Des-gamma-carboxy prothrombin antagonizes the effects of Sorafenib on human hepatocellular carcinoma through activation of the Raf/MEK/ERK and PI3K/Akt/mTOR signaling pathways

// Shu-Xiang Cui 1 , Wen-Na Shi 2 , Zhi-Yu Song 2 , Shu-Qing Wang 2 , Xin-Feng Yu 2 , Zu-Hua Gao 3 , Xian-Jun Qu 2 1 Beijing Key Laboratory of Environmental Toxicology, Department of Toxicology and Sanitary Chemistry, School of Public Health, Capital Medical University, Beijing, China 2 Department of Pharmacology, Capital Medical University School of Basic Medical Sciences, Beijing, China 3 Department of Pathology, McGill University, Montreal, Quebec, Canada Correspondence to: Xian-Jun Qu, e-mail: quxj@ccmu.edu.cn Zu-Hua Gao, e-mail: zu-hua.gao@mcgill.ca Keywords: human hepatocellular carcinoma (HCC), Sorafenib, des-gamma-carboxy prothrombin (DCP), Ras/Raf/MEK/ERK cascade, Ras/PI3K/Akt/mTOR cascade Received: November 13, 2015     Accepted: April 23, 2016     Published: May 4, 2016 ABSTRACT Despite significant progress, advanced hepatocellular carcinoma (HCC) remains an incurable disease, and the overall efficacy of targeted therapy by Sorafenib remains moderate. We hypothesized that DCP (des-gamma-carboxy prothrombin), a prothrombin precursor produced in HCC, might be one of the reasons linked to the low efficacy of Sorafenib. We evaluated the efficacy of Sorafenib in HLE and SK-Hep cells, both of which are known DCP-negative HCC cell lines. In the absence of DCP, Sorafenib effectively inhibited the growth of HCC and induced cancer cell apoptosis. In the presence of DCP, HCC was resistant to Sorafenib-induced inhibition and apoptosis, as determined by in vitro assays and in mice xenografted with HLE cells. Molecular analysis of HLE xenografted-nude mice showed that DCP activates the transduction of the Ras/Raf/MEK/ERK and Ras/PI3K/Akt/mTOR cascades.

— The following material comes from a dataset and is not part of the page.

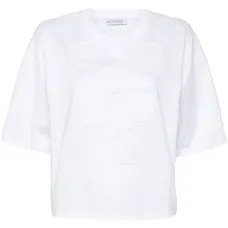 Футболка Godet со вставкой из тюля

DCP might stimulate the formation of compensatory feedback loops in the intricately connected signaling pathways when kinases are targeted by Sorafenib. Our results indicate that DCP antagonizes the inhibitory effects of Sorafenib on HCC through activation of the Ras/Raf/MEK/ERK and Ras/PI3K/Akt/mTOR signaling pathways. Taken together, our findings define a DCP-mediated mechanism of inhibition of Sorafenib in HCC, which is critical for targeting therapy in advanced HCC.